Caroline Hermon, Head of Adoption of Artificial Intelligence and Machine Learning at SAS highlights the challenges established banks are facing in an increasingly competitive, digital world and the need to utilise innovation
It’s no secret that challenger banks and fintech companies are changing the banking industry as we know it. The main issue for today’s banking leaders is not that customers are switching to new high-street providers, such as Metro Bank, or to internet and telephone banking specialists like First Direct.
The real threat is much more insidious – and much harder to combat. A wave of next-generation digital disruptors, such as Monzo Bank and Revolut, are launching completely new types of services that eat into the most profitable parts of traditional banks’ value chains.
Agility, flexibility and an insatiable appetite for innovation are powering the rise of these disruptors. Many traditional banks claim to value these same qualities, yet only a handful of today’s market leaders practice what they preach in their digital strategy documents.
Banks that can’t read the writing on the wall risk becoming obsolete and seeing their market share whittled away. With data-driven innovation speeding the industry towards a future of seamless, integrated, customer-focused services, it really is time to get real or get out of the race.
Overcoming barriers to change
Many traditional banks are so focused on keeping the lights on that they fail to execute their innovation goals. Keeping a bank running profitably while satisfying the regulators is no easy task. And transformation initiatives often get pushed down the priority list.
Moreover, in the race to deliver transformation, many banks fall at the first hurdle. Their main competitive advantage – the rich data they possess about every aspect of their customers’ financial needs – is typically siloed in multiple legacy systems and managed by different departments. The task of consolidating data and establishing a central hub for business analytics is expensive, time-consuming and diverts valuable resources from run-the-bank activities.
Resistance to change is another common barrier to innovation. Automation can be an unwelcome concept for decision-makers, especially those who manage large teams and have spent years building up expertise around the bank’s legacy systems and manual processes.
But it doesn’t have to be this way. Banks that adopt a disruptor mindset recognise that machine learning and artificial intelligence are powerful tools. With the right approach, these banks can use the same technologies to both drive transformation initiatives and streamline day-to-day operations, creating a virtuous circle.
For example, analytics-powered automation is not just a tool to eliminate paperwork and reduce headcount. By freeing up time, it can also help employees focus on high-value transformational tasks, revealing new opportunities for product development and highlighting ways to build more customer-centric services.
Finding a winning formula
Traditional banks may find transformation painful. But when they do embrace change, the benefits can be huge. Analytics is key to transformation because it’s one of the unique competitive advantages that large, well-established banks have over their new rivals. With millions of customers who trust and value their services, these banks can accumulate a vast amount of incredibly rich data about customer behaviour.
Since modern analytics techniques such as deep learning are extremely data-hungry, the banks with the most data will be able to build predictive models that are far more sophisticated and accurate than their competitors. This could prove to be a decisive advantage as AI initiatives begin to take centre stage in transforming customer service.
Transformation in practice
Recent success stories illustrate the very real rewards that banks can reap from digital transformation. For example, SAS has helped RBS put timely, accurate and insightful data analysis at the heart of every decision and use customer feedback to improve its services. Now the bank is on track to become the UK’s No. 1 bank for customer service.
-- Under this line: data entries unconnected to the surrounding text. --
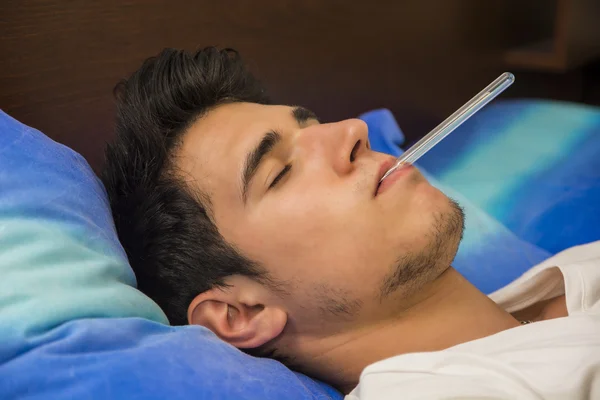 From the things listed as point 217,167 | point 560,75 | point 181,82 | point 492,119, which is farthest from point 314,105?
point 560,75

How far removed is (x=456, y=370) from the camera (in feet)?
2.45

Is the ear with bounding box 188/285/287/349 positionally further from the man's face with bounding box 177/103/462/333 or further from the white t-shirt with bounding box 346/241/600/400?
the white t-shirt with bounding box 346/241/600/400

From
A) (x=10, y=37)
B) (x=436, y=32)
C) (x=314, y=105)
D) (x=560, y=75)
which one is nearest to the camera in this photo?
(x=10, y=37)

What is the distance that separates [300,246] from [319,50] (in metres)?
0.89

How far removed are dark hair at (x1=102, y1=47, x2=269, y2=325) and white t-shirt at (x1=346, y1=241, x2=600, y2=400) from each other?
0.82 feet

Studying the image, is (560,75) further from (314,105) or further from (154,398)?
(154,398)

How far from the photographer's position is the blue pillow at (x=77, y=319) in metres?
0.68

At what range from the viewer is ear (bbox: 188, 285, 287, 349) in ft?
3.04

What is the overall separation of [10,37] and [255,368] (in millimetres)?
660

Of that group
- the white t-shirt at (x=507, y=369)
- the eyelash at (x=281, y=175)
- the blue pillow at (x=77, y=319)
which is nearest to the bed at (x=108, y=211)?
the blue pillow at (x=77, y=319)

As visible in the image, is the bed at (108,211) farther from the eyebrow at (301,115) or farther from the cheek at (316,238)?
the eyebrow at (301,115)

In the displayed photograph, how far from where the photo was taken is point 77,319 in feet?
2.40

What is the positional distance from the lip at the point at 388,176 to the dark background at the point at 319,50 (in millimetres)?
551

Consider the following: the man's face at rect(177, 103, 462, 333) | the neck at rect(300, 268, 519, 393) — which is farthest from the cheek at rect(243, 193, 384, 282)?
the neck at rect(300, 268, 519, 393) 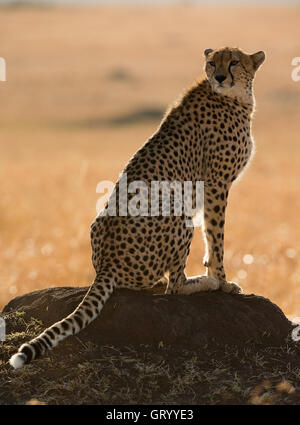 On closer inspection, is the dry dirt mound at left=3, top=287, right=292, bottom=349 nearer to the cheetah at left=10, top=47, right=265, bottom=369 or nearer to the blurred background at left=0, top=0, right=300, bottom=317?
the cheetah at left=10, top=47, right=265, bottom=369

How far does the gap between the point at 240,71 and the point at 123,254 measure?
144 centimetres

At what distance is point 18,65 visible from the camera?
39000 millimetres

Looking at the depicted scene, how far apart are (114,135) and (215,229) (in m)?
24.3

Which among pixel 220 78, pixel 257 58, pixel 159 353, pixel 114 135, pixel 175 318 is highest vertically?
pixel 114 135

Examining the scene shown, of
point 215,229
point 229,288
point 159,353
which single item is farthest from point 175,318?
point 215,229

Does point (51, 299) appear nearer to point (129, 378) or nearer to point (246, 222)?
point (129, 378)

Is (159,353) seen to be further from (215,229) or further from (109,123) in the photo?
(109,123)

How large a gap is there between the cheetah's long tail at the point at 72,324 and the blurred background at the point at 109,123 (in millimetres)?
2387

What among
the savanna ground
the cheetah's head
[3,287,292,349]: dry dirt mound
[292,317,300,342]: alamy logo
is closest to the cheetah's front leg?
[3,287,292,349]: dry dirt mound

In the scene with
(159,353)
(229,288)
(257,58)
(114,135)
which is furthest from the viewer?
(114,135)

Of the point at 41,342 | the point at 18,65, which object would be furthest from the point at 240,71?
the point at 18,65

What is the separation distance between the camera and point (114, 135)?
28688 millimetres

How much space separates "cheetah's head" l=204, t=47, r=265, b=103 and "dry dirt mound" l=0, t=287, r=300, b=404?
1.26 meters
Similarly, Nationwide recently worked with SAS to enhance member communication. Using AI and natural language processing of customer emails, the building society identified the communication methods that produced a positive reaction – and those that created frustration. The analysis revealed that 26% of all interactions could be moved to an online process – reducing waiting times for customers while saving time and resources. What started as a proof of concept has now become a companywide initiative to use data analysis to streamline its back-office operations, develop new products and evolve its services.
Examples like these show that with the right analytics strategy, banks don’t have to make a choice between keeping the lights on and driving transformation. When banks mobilize their talent, data and expertise, they can combine innovation with efficiency and keep the disruptors at bay.